Accordingly, clauses (b), (c), (d), (f) and (g) of paragraph 4(iii) of the said Order are not applicable.
(iv) In our opinion, and according to the information and explanations given to us, the Company has adequate internal control
procedures commensurate with the size of the Company and nature of its business for the purchase of inventory and fixed
assets and with regard to the sale of goods and services. Further based on our examination and according to the information and
explanation given to us, we have neither come across nor have we been informed of any continuing failure to correct major
weakness in the aforesaid internal control system.
(v) (a) According to information and explanations given to us and based on the disclosure of interest made by the directors of the
Company, the particulars of contracts or arrangements referred to in section 301 of the Act have been entered in the
register required to be maintained under that section.
(b) According to information and explanations given to us, the transactions made in pursuance of such contracts or arrangements
and exceeding the value of Rs. 5 lakhs in respect of any party during the year have been made at prices which are
reasonable having regard to the prevailing market prices at the relevant time.
(vi) In our opinion, and according to the information and explanations given to us, the Company has not accepted any deposits from
the public as per the directives issued by the Reserve Bank of India and the provisions of section 58A, 58AA and any other
relevant provisions of the Act and the rules framed there under.
(vii) In our opinion, the Company has an internal audit system commensurate with its size and nature of its business.
(viii) We have broadly reviewed the books of account maintained by the Company in respect to products where, pursuant to Rules
made by the Central Government of India, the maintenance of cost records has been prescribed under section 209(1)(d) of the
Act. We are of the opinion that prima facie, the prescribed accounts and records have been made and maintained. We have not,
however, made a detailed examination of the records with a view to determining whether they are accurate or complete.

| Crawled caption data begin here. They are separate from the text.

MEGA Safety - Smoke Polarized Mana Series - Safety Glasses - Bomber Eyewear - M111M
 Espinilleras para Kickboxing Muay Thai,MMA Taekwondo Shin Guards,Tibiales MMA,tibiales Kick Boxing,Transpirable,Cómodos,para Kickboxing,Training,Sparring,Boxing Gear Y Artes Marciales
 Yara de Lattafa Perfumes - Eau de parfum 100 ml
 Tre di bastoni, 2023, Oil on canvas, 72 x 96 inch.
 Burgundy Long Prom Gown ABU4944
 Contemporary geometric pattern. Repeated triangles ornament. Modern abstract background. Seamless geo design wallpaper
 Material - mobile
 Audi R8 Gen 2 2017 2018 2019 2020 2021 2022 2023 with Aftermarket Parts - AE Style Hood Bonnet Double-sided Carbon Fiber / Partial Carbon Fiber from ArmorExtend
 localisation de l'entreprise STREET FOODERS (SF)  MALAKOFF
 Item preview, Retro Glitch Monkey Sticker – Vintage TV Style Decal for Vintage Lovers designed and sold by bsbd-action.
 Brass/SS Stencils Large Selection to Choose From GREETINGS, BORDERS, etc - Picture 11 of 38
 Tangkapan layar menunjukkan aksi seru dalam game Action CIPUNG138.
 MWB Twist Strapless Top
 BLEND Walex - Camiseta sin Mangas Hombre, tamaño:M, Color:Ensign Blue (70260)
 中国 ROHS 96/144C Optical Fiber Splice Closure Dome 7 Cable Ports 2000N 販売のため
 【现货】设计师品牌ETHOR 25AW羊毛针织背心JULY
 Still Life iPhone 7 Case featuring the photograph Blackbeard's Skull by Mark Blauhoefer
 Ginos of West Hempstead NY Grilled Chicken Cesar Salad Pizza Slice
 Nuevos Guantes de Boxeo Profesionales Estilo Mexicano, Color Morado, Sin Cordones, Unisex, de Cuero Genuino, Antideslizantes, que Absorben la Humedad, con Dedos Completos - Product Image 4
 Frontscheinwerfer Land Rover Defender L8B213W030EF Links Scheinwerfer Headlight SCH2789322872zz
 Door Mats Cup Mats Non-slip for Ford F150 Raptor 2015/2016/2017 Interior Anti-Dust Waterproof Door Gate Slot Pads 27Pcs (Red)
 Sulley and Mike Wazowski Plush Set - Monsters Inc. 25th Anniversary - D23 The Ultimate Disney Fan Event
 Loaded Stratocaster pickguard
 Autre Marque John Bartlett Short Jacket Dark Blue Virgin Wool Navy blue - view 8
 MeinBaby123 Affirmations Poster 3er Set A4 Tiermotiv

(ix) (a) According to the information and explanations given to us, the Company is regular in depositing undisputed statutory dues
including provident fund, investors education and protection fund, employees’ state insurance, income tax, sales tax,
service tax, wealth tax, custom duty, excise duty, cess and any other statutory dues as applicable with the appropriate
authorities during the year, and there were no such outstanding dues as at March 31, 2006 for a period exceeding six
months from the date they became payable.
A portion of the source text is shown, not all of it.